Tal vez el escritor más popular entre los insomnes sea Franz Kafka. El 2 de octubre de 1911 escribiría en su diario: «Noche de insomnio. Es ya la tercera de la serie. Me duermo bien, pero una hora después me despierto como si hubiese metido la cabeza en un agujero equivocado. Estoy totalmente desvelado, tengo la sensación de no haber dormido nada o de haberlo hecho sólo bajo una fina membrana». Y es que Kafka es el más popular entre los noctámbulos porque debe su literatura al insomnio. Su obra es la representación de su mundo onírico. Kafka escribía en un estado de trance, entre lo onírico y la vigilia.

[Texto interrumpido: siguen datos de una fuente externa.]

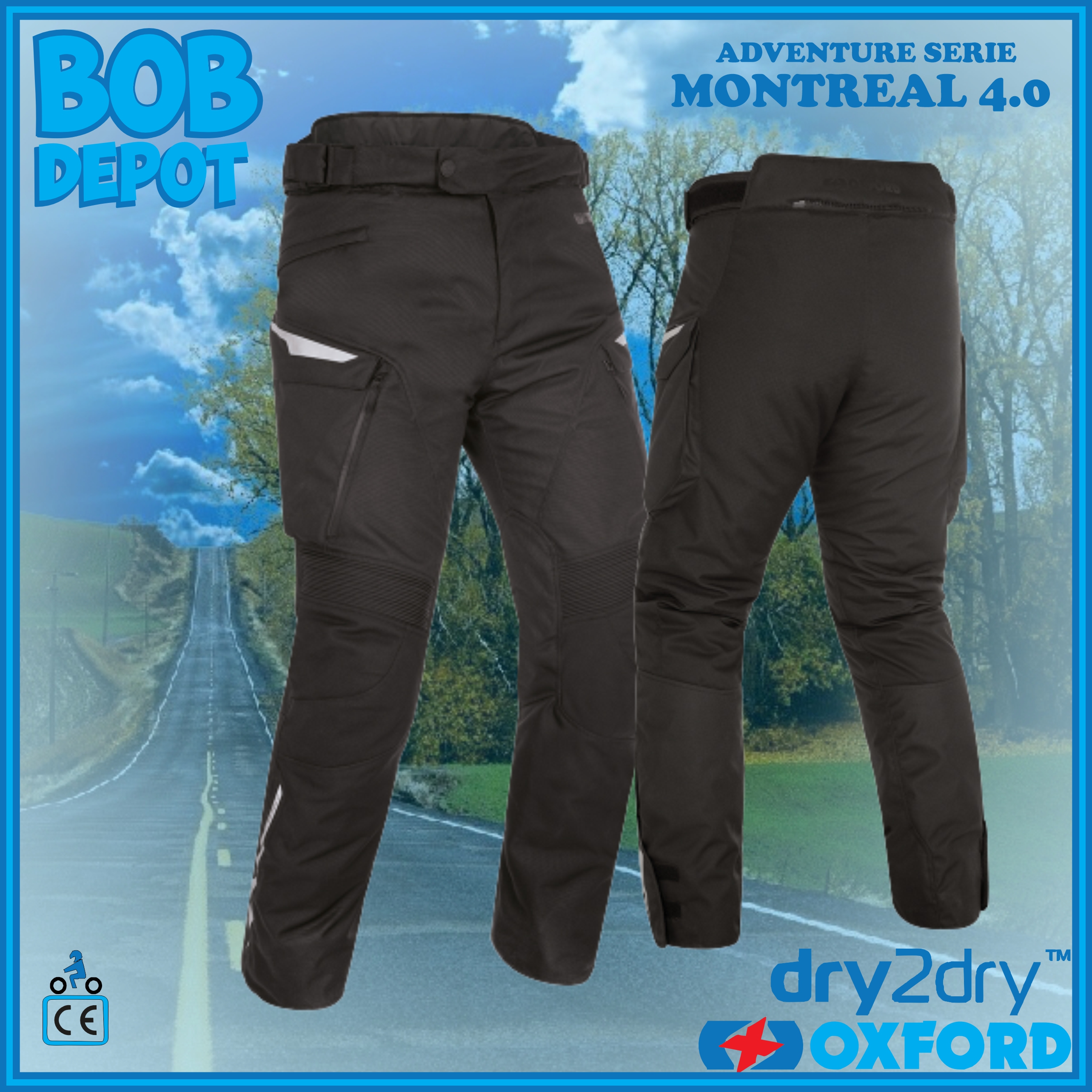 Pantalon de Moto MONTRÉAL 4.0 Dry2Dry - Noir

Sus relatos son una amalgama entre lo realista y lo fantástico: lo más cercano a un cuadro de Dalí o de Miró. Incluso escribió uno de sus textos más conocidos en una sola noche: «Escribí la historia La condena durante la noche del 22 al 23 de septiembre de un tirón, desde las diez de la noche hasta las seis de la mañana. (…) Sólo así es posible escribir, sólo en un contexto semejante, con el cuerpo y el alma completamente al descubierto».

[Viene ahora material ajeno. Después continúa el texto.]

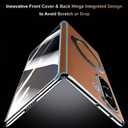 [One-Piece 3-in-1 Case for Samsung Galaxy Z Fold 7: Compatible with MagSafe, Built-in Hinge & Screen Protector, 360 Magnetic Ring Stand, Full-Body Protection Genuine Leather Cover, Brown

En la poesía hay varios ejemplos de escritores que dedicaron algunas líneas a este mal contemporáneo. Están los versos de Vicente Aleixandre: «Soy sueño o noche contenida». O los de Dámaso Alonso: «Y paso largas horas gimiendo como el huracán, ladrando como un perro enfurecido, (…) Y paso largas horas preguntándole a Dios, preguntándole por qué se pudre lentamente mi alma». Pero el texto más bello y poético que he leído sobre el insomnio es de Jorge Luis Borges. Donde el escritor argentino se pregunta y se responde con la genialidad y sensibilidad que nos tiene acostumbrado:


«¿Qué es el insomnio? La pregunta es retórica; sé demasiado bien la respuesta. Es temer y contar en la alta noche las duras campanadas fatales, es ensayar con magia inútil una respiración regular, es la carga de un cuerpo que bruscamente cambia de lado, es apretar los párpados, es un estado parecido a la fiebre y que ciertamente no es la vigilia, es pronunciar fragmentos de párrafos leídos hace ya muchos años, es saberse culpable de velar cuando los otros duermen, es querer hundirse en el sueño y no poder hundirse en el sueño, es el horror de ser y de seguir siendo, es el alba dudosa».